Indonesia, negara yang dikenal kaya akan sumber
daya alamnya kini punya problematikanya sendiri. Sebagai negara yang mendapat
sebutan negara agraris, bisa kita bayangkan betapa melimpahnya hasil pertanian Indonesia.
Namun sudahkah hal tersebut benar-benar layak dan benar adanya? Sudahkah para
petani memiliki kehidupan yang sejahtera?
Nyatanya, tak semua petani berkehidupan sejahtera.
Bahkan banyak diantara mereka berada dalam area miskin. Tak jarang mereka menjual
sepetak demi sepetak tanah garapan mereka hanya untuk memenuhi kebutuhan hidup
mereka yang tak lagi dapat terpenuhi dari hasil pertanian.
Sedikit kisah para petani di Dusun Berawah, Desa
Tukadsumaga, Kecamatan Gerokgak akan menunjukkan betapa miris keadaan pertanian
Indonesia. Memang tak cukup untuk menggambarkan keseluruhan dari keadaan total
pertanian Indonesia, namun cukup untuk mewakili kemerosotan yang terjadi.
Hingga saat ini, sebagian besar penduduk di dusun
ini adalah petani tadah hujan yang hanya mengandalkan air hujan sebagai
pengairan utama. Karena hanya mengandalkan air hujan, mereka tak bisa bertani
sepanjang tahun. Mereka hanya bercocok tanam dimusim penghujan dengan jenis
tanaman yang terbatas.
Biasanya pada awal musim para petani menanam jagung
di area-area yang lapang. Ada juga yang memilih melakukan sistem tumpang sari
seperti menanam jagung di ikuti kacang-kacangan atau mentimun dan singkong.
Untuk mereka yang menerapkan tumpang sari ini biasanya melakukan satu kali
tanam saja dalam setahun. Bagi mereka yang hanya menanam jagung, biasanya
setelah panen akan melakukan penanaman bibit kembali entah itu jagung, kacang
tanah, atau jenis tanaman rambat seperti timun dan kacang merah.
Namun dalam kurun waktu tiga tahun belakangan,
sistem pertanian yang biasa diterapkan ini mulai tak efektif. Jagung yang
biasanya tumbuh subur seringkali gagal panen. Kadang karena hujan yang turun
tak tentu hingga tanaman menjadi layu atau karena hujan disertai angin kencang
yang membuat tanaman tumbang saat masih berbunga. Bahkan yang paling parah
adalah buah jagung yang tumbuh kecil atau bahkan gagal berbuah.

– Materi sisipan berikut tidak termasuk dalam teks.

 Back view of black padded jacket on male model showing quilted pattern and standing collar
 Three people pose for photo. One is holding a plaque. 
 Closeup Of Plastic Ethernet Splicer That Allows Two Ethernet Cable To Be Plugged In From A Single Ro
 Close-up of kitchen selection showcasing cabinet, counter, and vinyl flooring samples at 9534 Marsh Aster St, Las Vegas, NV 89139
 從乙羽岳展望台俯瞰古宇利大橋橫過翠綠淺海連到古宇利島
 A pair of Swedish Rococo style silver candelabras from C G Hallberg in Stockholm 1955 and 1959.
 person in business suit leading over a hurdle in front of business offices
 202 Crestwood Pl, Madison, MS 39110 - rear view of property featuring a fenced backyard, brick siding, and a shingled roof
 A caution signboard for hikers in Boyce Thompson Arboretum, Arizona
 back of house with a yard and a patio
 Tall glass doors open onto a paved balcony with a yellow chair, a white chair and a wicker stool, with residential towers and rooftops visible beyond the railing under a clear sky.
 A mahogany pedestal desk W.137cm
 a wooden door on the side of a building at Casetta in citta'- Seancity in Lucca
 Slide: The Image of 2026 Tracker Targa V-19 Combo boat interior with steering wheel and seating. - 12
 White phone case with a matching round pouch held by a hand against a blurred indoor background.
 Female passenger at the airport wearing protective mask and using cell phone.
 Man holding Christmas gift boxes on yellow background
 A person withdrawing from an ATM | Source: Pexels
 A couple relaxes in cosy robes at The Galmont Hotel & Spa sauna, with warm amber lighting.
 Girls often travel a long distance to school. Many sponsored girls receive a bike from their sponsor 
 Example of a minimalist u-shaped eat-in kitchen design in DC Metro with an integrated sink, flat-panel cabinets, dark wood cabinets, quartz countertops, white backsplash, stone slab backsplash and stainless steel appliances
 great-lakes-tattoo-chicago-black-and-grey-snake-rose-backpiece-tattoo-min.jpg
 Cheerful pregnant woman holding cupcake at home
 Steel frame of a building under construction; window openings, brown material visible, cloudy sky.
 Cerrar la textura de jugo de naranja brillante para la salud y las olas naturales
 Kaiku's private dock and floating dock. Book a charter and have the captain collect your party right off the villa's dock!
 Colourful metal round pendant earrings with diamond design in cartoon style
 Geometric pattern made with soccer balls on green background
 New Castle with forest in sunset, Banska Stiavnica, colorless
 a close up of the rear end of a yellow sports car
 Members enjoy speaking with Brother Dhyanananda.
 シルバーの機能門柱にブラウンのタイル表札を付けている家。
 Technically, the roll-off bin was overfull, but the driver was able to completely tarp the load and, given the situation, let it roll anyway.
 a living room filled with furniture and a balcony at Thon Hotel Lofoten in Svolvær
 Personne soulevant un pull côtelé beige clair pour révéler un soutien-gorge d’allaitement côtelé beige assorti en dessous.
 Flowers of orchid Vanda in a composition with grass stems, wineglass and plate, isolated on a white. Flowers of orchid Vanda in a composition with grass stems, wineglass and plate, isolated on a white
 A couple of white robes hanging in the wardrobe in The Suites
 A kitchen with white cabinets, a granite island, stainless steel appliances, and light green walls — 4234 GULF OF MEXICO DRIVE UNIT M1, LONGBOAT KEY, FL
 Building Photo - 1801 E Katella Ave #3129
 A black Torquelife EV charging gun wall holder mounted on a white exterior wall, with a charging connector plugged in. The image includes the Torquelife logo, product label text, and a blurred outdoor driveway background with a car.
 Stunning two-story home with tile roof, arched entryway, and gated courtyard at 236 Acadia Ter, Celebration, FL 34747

Semua hal tersebut mulai membuat petani prustasi.
Alih-alih mendapat pendapatan dari mengolah tanah malah berbalik merugikan
mereka. Harga pupuk yang terus naik dan juga pajak bumi yang mulai merangkak
kian menambah keinginan mereka untuk berhenti mengolah tanah. Beberapa dari
mereka mulai mencari pekerjaan sebagai buruh dan menanami tanah mereka dengan
tanaman-tanaman tahunan seperti jati atau jambu mete sebagai bentuk investasi
jangka panjang. Namun yang paling disayangkan adalah mereka yang mulai menjual
tanahnya hanya untuk memenuhi kebutuhan rumah tangga.
Lalu apakah tak ada kepedulian dari pemerintah?
Jawabannya ada, namun entah kenapa hasilnya tak maksimal. Dalam hal tanaman,
pernah diberi bantuan berupa bibit seperti jambu mete, sukun, melinjo dan sawo,
namun sayang yang nampak hasilnya hanya jamu mete itupun hanya dibeberapa titik
saja. Proyek penanaman kapas yang bibit dan pupuknya ditanggung juga pernah
diberikan, hasilnya dirasa lumayan karena memang tak terbebani oleh biaya pupuk
dan bibit. Namun itu tak lagi berlanjut.
Dalam hal pengairan, irigasi sudah diperbaiki dan
sempat mengalir air yang memberi harapan besar bagi masyarakat, namun hanya sesaat.
Kini irigasi yang telah direnovasi itu hanya menjadi saluran air untuk
menampung air hujan yang berlebih. Bahkan beberapa titik jebol dan merongrong
jalan disampingnya karena konstruksinya yang tak kuat. Maklum, pembangunan
masih tak terkontrol rapi, beberapa buruh proyek bahkan ada yang menjual semen
yang semestinya untuk mebangun irigasi ke warga.
Lalu sumur bor juga sudah dibuat untuk kepentingan
air bersih, namun entah mengapa setelah air keluar tak ada satupun pipa
terpasang untuk mengalirkan air ke rumah warga. Dengan semua keadaan tersebut,
memang terdengar pantas bagi warga untuk berhenti mengolah tanah dan mulai
mencari alternatif pekerjaan lain.
Tanah Indonesia memang subur. Negeri kita mendapat
julukan sebagai negara agraris, namun sampai kapan hal ini akan bertahan?
Bahkan sebagai negara agraris dengan luas daratan hampir dua juta kilometer
persegi, kita masih harus mengimpor beras dari negara lain.